● DATA EXTRACTS
╭──
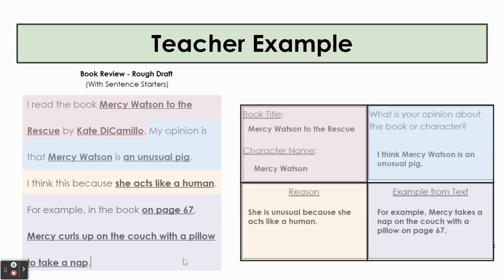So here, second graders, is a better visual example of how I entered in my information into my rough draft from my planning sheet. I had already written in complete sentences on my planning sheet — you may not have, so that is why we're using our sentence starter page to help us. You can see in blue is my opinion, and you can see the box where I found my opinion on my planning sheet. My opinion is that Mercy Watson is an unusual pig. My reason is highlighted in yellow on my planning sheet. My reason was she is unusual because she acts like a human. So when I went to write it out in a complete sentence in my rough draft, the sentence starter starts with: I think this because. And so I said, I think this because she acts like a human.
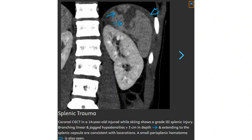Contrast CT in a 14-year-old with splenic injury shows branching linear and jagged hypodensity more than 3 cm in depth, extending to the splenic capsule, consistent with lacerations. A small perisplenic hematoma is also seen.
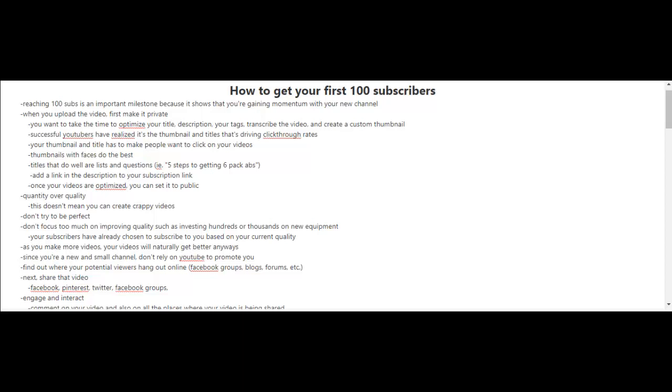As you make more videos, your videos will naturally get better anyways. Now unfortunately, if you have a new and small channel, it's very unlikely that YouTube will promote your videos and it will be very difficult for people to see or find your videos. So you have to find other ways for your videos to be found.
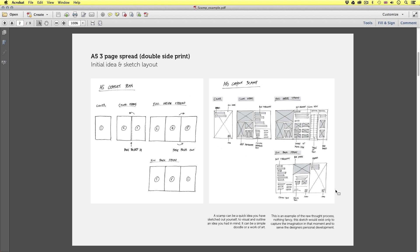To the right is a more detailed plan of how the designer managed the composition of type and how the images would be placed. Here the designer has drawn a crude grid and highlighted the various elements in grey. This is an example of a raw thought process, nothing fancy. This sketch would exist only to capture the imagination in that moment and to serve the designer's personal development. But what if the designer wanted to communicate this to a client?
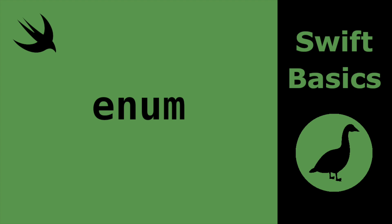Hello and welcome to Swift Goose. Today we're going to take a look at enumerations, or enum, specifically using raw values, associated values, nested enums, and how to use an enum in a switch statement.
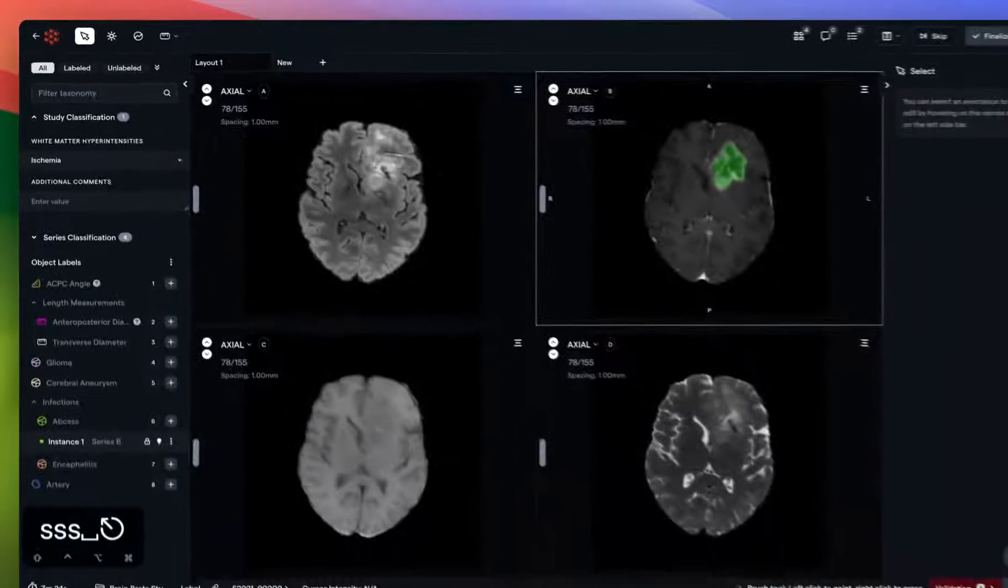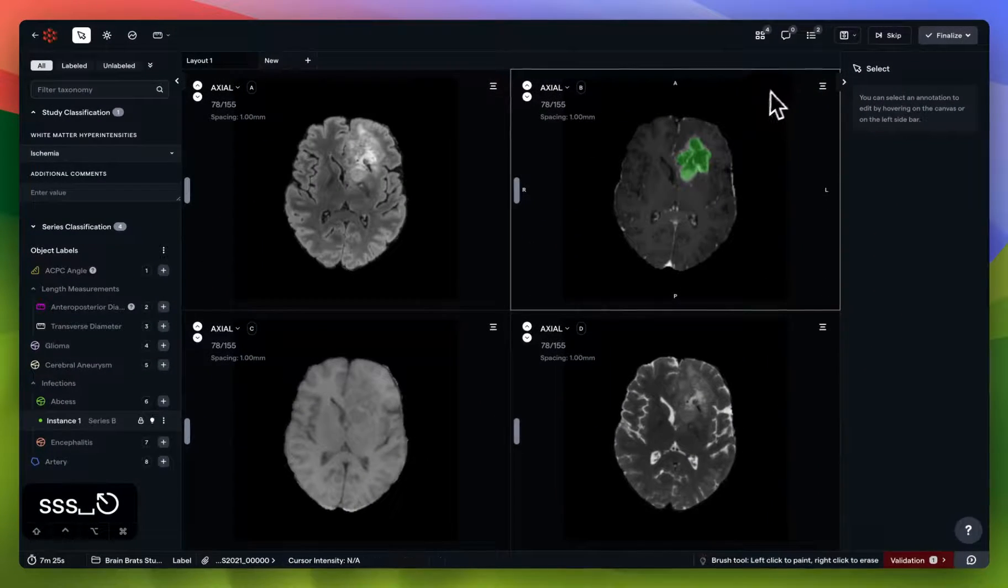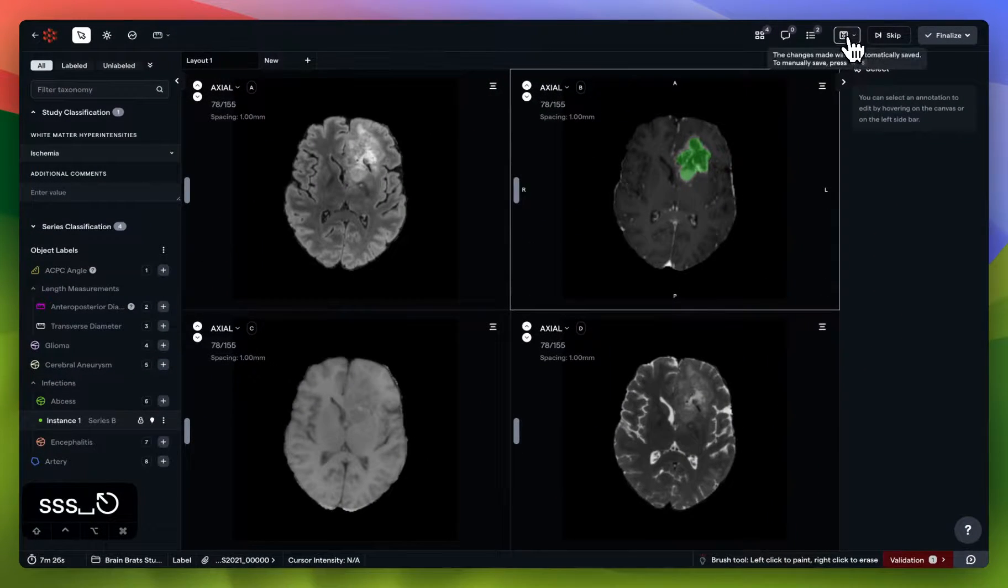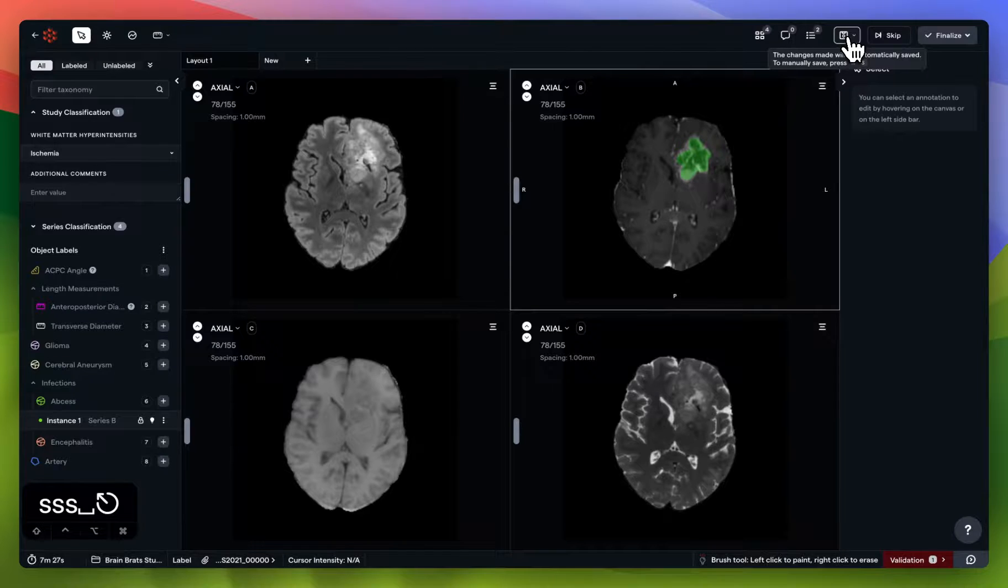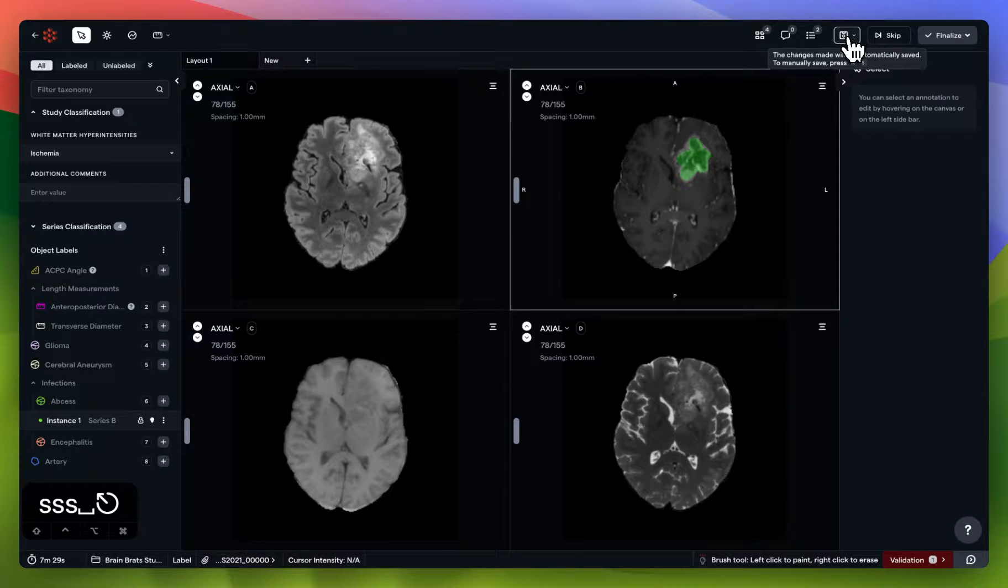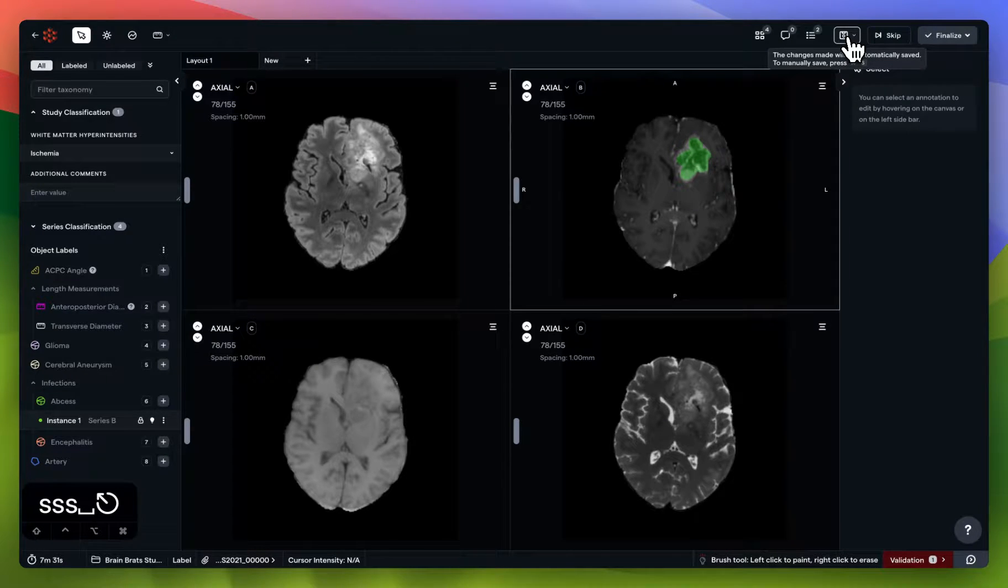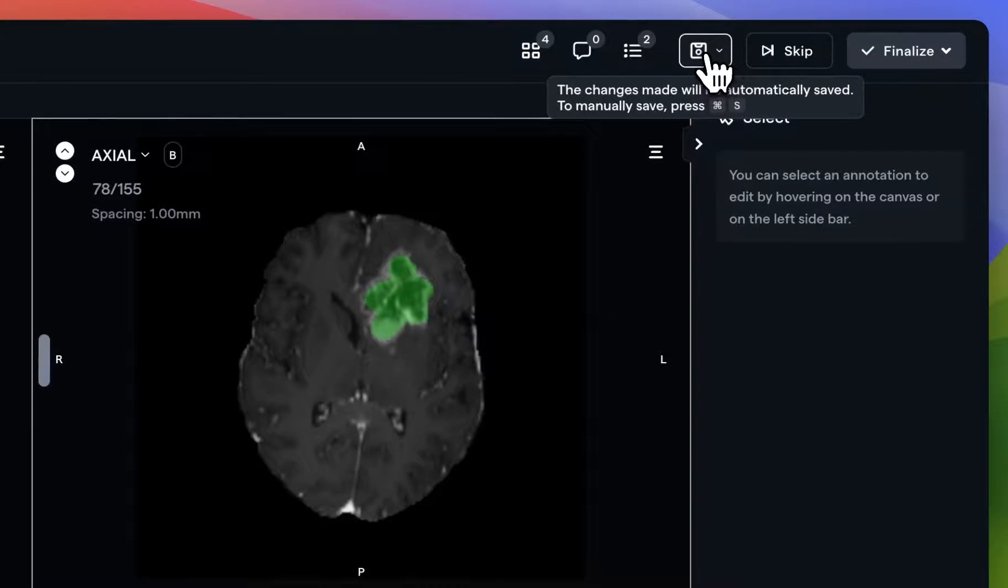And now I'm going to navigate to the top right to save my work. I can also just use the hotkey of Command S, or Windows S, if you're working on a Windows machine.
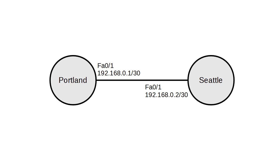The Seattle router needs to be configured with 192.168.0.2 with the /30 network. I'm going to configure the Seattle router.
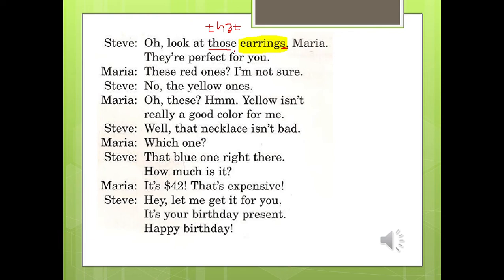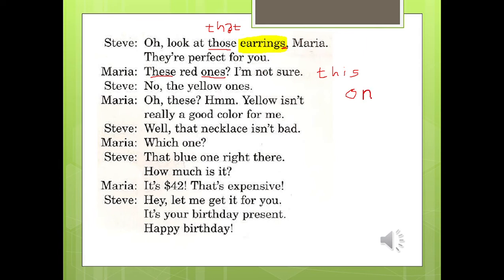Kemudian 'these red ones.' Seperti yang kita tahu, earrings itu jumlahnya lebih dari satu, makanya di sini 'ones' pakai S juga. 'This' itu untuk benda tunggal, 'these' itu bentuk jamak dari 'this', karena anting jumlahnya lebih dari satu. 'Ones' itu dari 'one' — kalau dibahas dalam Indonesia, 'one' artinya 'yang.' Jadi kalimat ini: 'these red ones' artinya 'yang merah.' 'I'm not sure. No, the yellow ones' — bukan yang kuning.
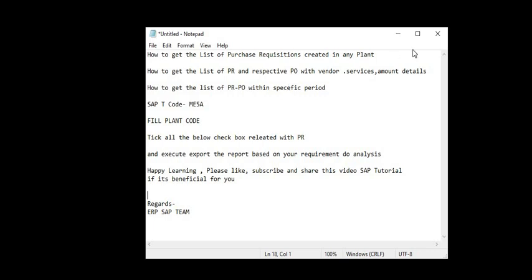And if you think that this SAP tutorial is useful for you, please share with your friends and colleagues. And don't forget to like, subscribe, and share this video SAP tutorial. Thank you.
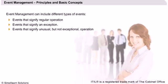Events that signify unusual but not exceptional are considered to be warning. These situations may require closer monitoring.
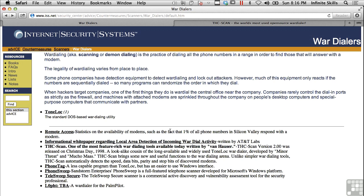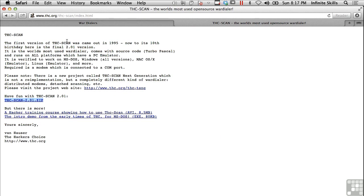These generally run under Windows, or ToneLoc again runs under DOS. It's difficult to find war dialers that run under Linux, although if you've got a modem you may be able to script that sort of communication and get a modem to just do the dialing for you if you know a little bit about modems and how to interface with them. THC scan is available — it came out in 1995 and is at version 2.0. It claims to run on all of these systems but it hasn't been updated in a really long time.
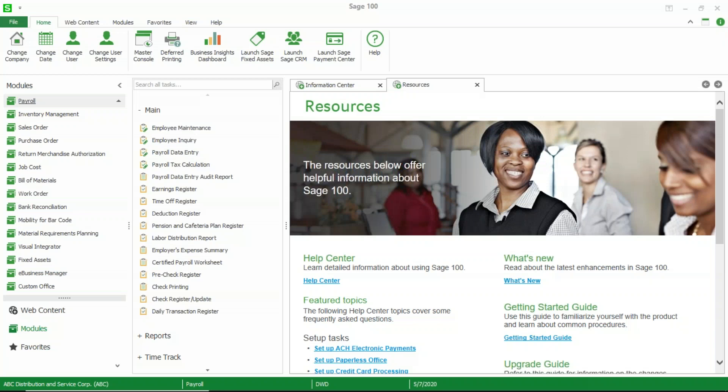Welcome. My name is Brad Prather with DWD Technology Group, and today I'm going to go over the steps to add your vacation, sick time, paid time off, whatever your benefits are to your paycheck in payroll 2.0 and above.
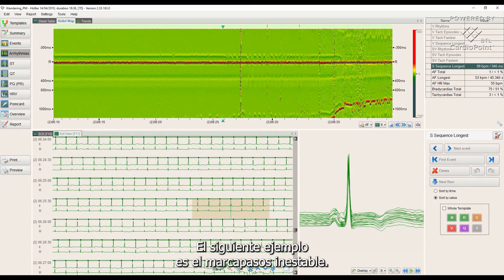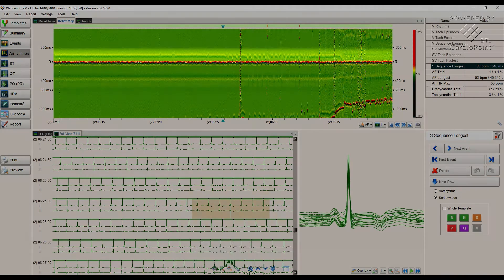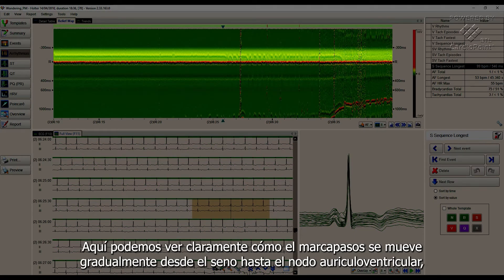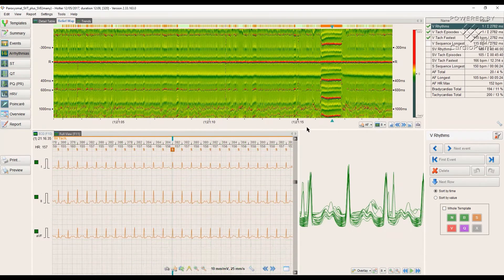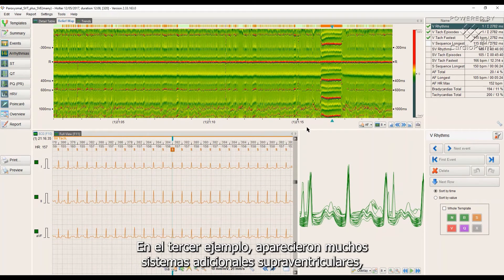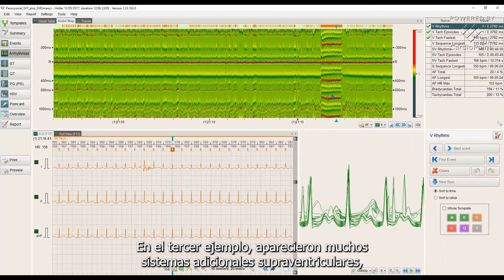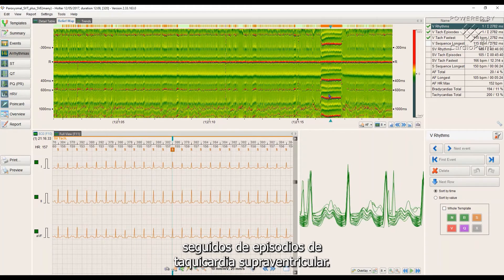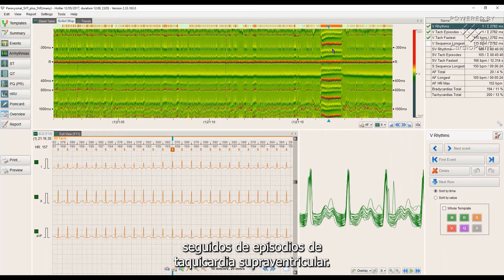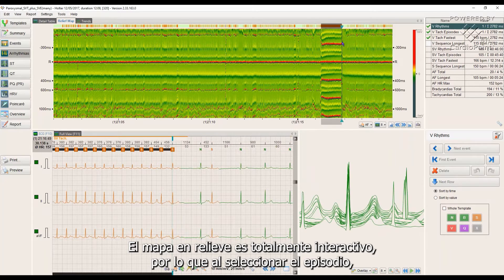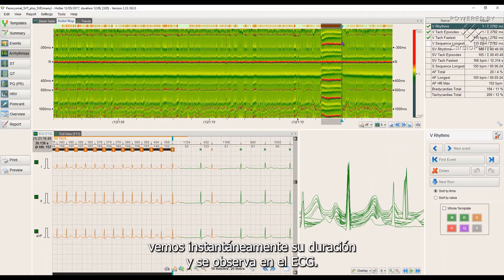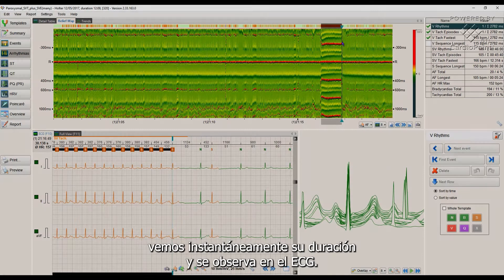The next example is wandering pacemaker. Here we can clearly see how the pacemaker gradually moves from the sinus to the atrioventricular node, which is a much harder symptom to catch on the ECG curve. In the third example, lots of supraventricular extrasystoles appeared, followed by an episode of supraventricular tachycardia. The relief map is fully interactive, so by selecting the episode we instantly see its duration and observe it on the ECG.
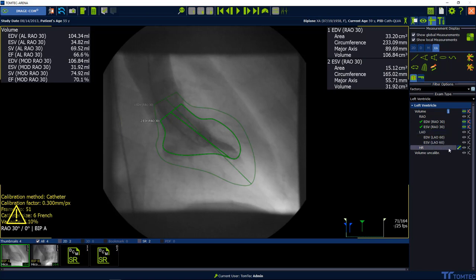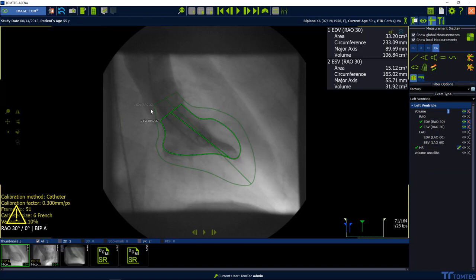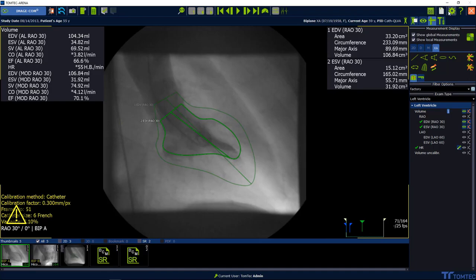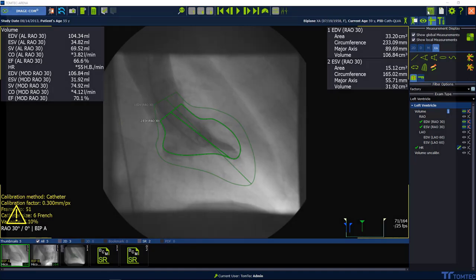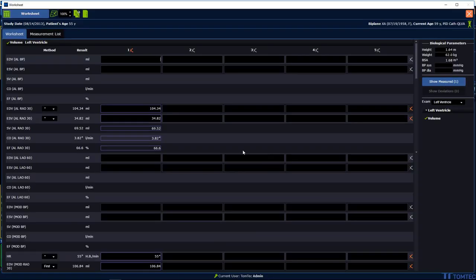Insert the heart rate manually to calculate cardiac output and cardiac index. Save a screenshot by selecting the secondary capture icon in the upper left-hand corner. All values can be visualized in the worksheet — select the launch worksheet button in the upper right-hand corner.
╰──
● EXERCISE OBJECTIVE
Your task is to retype the records above in full and exactly, omitting the pictures.

● TASK SOLUTION
So here, second graders, is a better visual example of how I entered in my information into my rough draft from my planning sheet. I had already written in complete sentences on my planning sheet — you may not have, so that is why we're using our sentence starter page to help us. You can see in blue is my opinion, and you can see the box where I found my opinion on my planning sheet. My opinion is that Mercy Watson is an unusual pig. My reason is highlighted in yellow on my planning sheet. My reason was she is unusual because she acts like a human. So when I went to write it out in a complete sentence in my rough draft, the sentence starter starts with: I think this because. And so I said, I think this because she acts like a human.
Contrast CT in a 14-year-old with splenic injury shows branching linear and jagged hypodensity more than 3 cm in depth, extending to the splenic capsule, consistent with lacerations. A small perisplenic hematoma is also seen.
As you make more videos, your videos will naturally get better anyways. Now unfortunately, if you have a new and small channel, it's very unlikely that YouTube will promote your videos and it will be very difficult for people to see or find your videos. So you have to find other ways for your videos to be found.
To the right is a more detailed plan of how the designer managed the composition of type and how the images would be placed. Here the designer has drawn a crude grid and highlighted the various elements in grey. This is an example of a raw thought process, nothing fancy. This sketch would exist only to capture the imagination in that moment and to serve the designer's personal development. But what if the designer wanted to communicate this to a client?
Hello and welcome to Swift Goose. Today we're going to take a look at enumerations, or enum, specifically using raw values, associated values, nested enums, and how to use an enum in a switch statement.
And now I'm going to navigate to the top right to save my work. I can also just use the hotkey of Command S, or Windows S, if you're working on a Windows machine.
The Seattle router needs to be configured with 192.168.0.2 with the /30 network. I'm going to configure the Seattle router.
Kemudian 'these red ones.' Seperti yang kita tahu, earrings itu jumlahnya lebih dari satu, makanya di sini 'ones' pakai S juga. 'This' itu untuk benda tunggal, 'these' itu bentuk jamak dari 'this', karena anting jumlahnya lebih dari satu. 'Ones' itu dari 'one' — kalau dibahas dalam Indonesia, 'one' artinya 'yang.' Jadi kalimat ini: 'these red ones' artinya 'yang merah.' 'I'm not sure. No, the yellow ones' — bukan yang kuning.
And if you think that this SAP tutorial is useful for you, please share with your friends and colleagues. And don't forget to like, subscribe, and share this video SAP tutorial. Thank you.
Events that signify unusual but not exceptional are considered to be warning. These situations may require closer monitoring.
These generally run under Windows, or ToneLoc again runs under DOS. It's difficult to find war dialers that run under Linux, although if you've got a modem you may be able to script that sort of communication and get a modem to just do the dialing for you if you know a little bit about modems and how to interface with them. THC scan is available — it came out in 1995 and is at version 2.0. It claims to run on all of these systems but it hasn't been updated in a really long time.
Welcome. My name is Brad Prather with DWD Technology Group, and today I'm going to go over the steps to add your vacation, sick time, paid time off, whatever your benefits are to your paycheck in payroll 2.0 and above.
The next example is wandering pacemaker. Here we can clearly see how the pacemaker gradually moves from the sinus to the atrioventricular node, which is a much harder symptom to catch on the ECG curve. In the third example, lots of supraventricular extrasystoles appeared, followed by an episode of supraventricular tachycardia. The relief map is fully interactive, so by selecting the episode we instantly see its duration and observe it on the ECG.
Insert the heart rate manually to calculate cardiac output and cardiac index. Save a screenshot by selecting the secondary capture icon in the upper left-hand corner. All values can be visualized in the worksheet — select the launch worksheet button in the upper right-hand corner.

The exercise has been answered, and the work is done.